Sure, but with that logic, slowly practicing inefficient motions for speed – motions in the stringhopping category – will also make them stick in your muscle memory. How do you know if the motion you currently do slowly will work at a higher speed? The easiest answer I think is to test it by playing faster. People on this forum can give you directions and hints on what you could improve by looking at a video. Ultimately, you have to be the judge on what adjustments feel fluid and right and also have to be the one who makes them.
Like I wrote before, I don’t personally think there are any right or wrong motions. How do you even define “correct” in this case? Most guitars I think would say a motion with a higher speed cap is better than a slower one. If we accept this, how would you then know if the motion you’re currently playing slow turns out to be a motion that eventually will work out for faster playing? Trying to go faster bit by bit and hoping your body will make the adjustments needed maybe works for some. This never worked for me. Starting with a bit of speed plus the guidelines in the Pickslanting Primer is what made it “click” for me and, I think, many here on the forum.
You can clearly play a lot faster using a different technique then! Maybe if you post a video of some speed DSX playing we and you yourself can help spot the differences and problems in your USX picking motion?
This is the key question that strikes at the heart of the flawed but well-intended advice to “just practice with a metronome and gradually increase the speed over time”.
Metronome practice to build speed can be useful, but only if the technique being practiced is a technique that will still work at higher speeds. For people who had the good fortune to be using a “speed-friendly technique” to begin with, progressive metronome practice might seem like “the obvious and only solution, because it worked for me.” It’s rational for them to believe that because it worked for them. The problem is it only works for the subset of people who happen to start out with a “speed-friendly” technique. I’ve seen material where Michael Angelo Batio correctly explains that your “slow” practice needs to look like a slowed down version of your fast playing, but that central point tends to get lost among the many other things he says. And how do you discover what your “fast playing” will look like? By discovering, through trial and error, a picking movement that you can do fast (and that escapes the plane of the strings on either downstrokes, upstrokes, or both).
And how do you discover what your “fast playing” will look like? By discovering, through trial and error, a picking movement that you can do fast (and that escapes the plane of the strings on either downstrokes, upstrokes, or both).
For some people like myself, this still requires slow practice to get the point where you can “test” your method at high speeds. Even if the motion is objectively efficient, it still might be impossible for you to test it at high speeds simply because it’s faster than you can currently play. Not being able to play it at high speeds doesn’t necessarily mean the motion is inefficient, it might just mean that you can’t do it at that speed (yet).
I agree that starting slow can lead to the wrong technique, but that’s the unfortunate truth for every technique on every instrument. You learn, make mistakes, refine, and learn again.

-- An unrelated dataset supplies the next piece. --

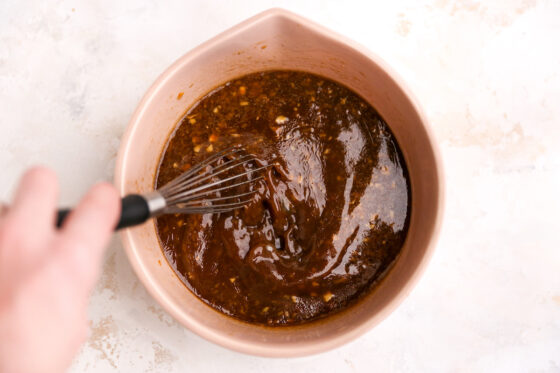 Tamari, rice vinegar, sesame oil, water, arrowroot powder, orange juice, orange zest, garlic, fresh ginger, honey, sea salt, black pepper in a bowl being whisked together.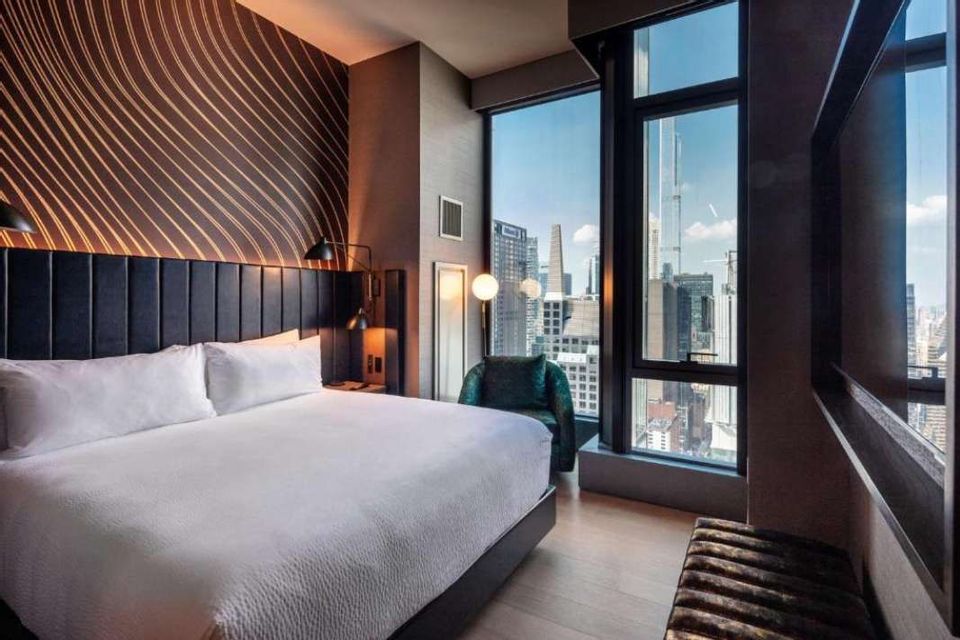 Una camera da letto d'hotel moderna con un letto rifatto e una finestra a tutta altezza che offre una vista sullo skyline di una città.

Some are lucky and choose the right technique first, some aren’t.
I see what you mean, but I think many people – I included – have thought or thinks the idea of slow incremental practice to be more elegant and structured than the approach of starting with speed, i.e. cleaning up or refining a faster motion currently potentially being sloppy. On paper, I think the first alternative sounds more reasonable for developing speed. In practice, however, I believe the second approach to be much more effective.
I’ve followed the first style of learning for a long time up until I found Troy’s videos on YouTube and started diving into the material here on Cracking the Code. Looking back at my playing in retrospect, I realize I focused a lot on phrasing, improvisation, theory, etc. There’s certainly nothing wrong with that, but I also wanted to play faster stuff and often avoided it because I felt uncomfortable or never ready to tackle speedier licks.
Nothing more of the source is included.